Data segment:
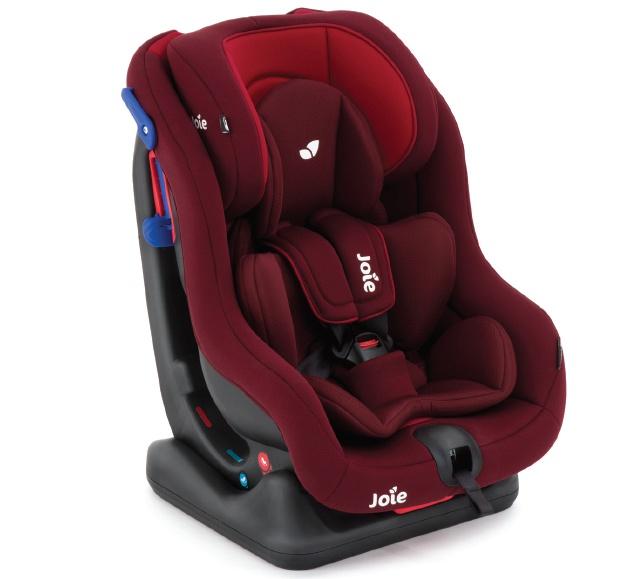 90196-SILLA AUTO JOIE STEADI GR. 0 - 1 CON CINTURON MERLOT(1-0)-0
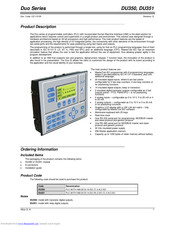 ALTUS Du350 Product Manual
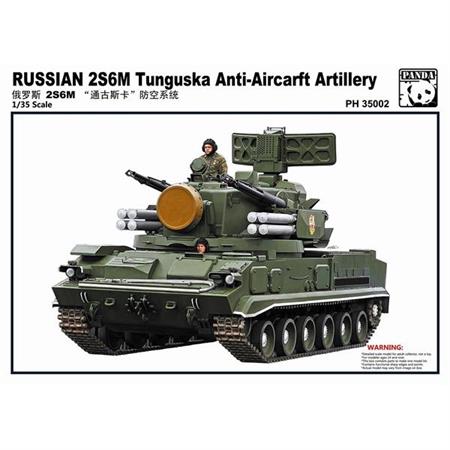 Russian 2S6M Tunguska Anti-Aircraft Artillery
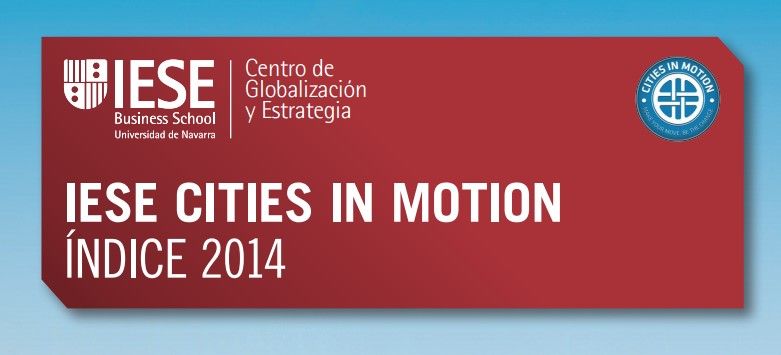 Ranking de las ciudades inteligentes en el presente y futuro - ranking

What this task involves:
Your answer must reproduce exactly the lines from the line with "ALTUS Du350 Product Manual" through the end of the material, both ends included, with every picture dropped.

Answer section:
 ALTUS Du350 Product Manual
 Russian 2S6M Tunguska Anti-Aircraft Artillery
 Ranking de las ciudades inteligentes en el presente y futuro - ranking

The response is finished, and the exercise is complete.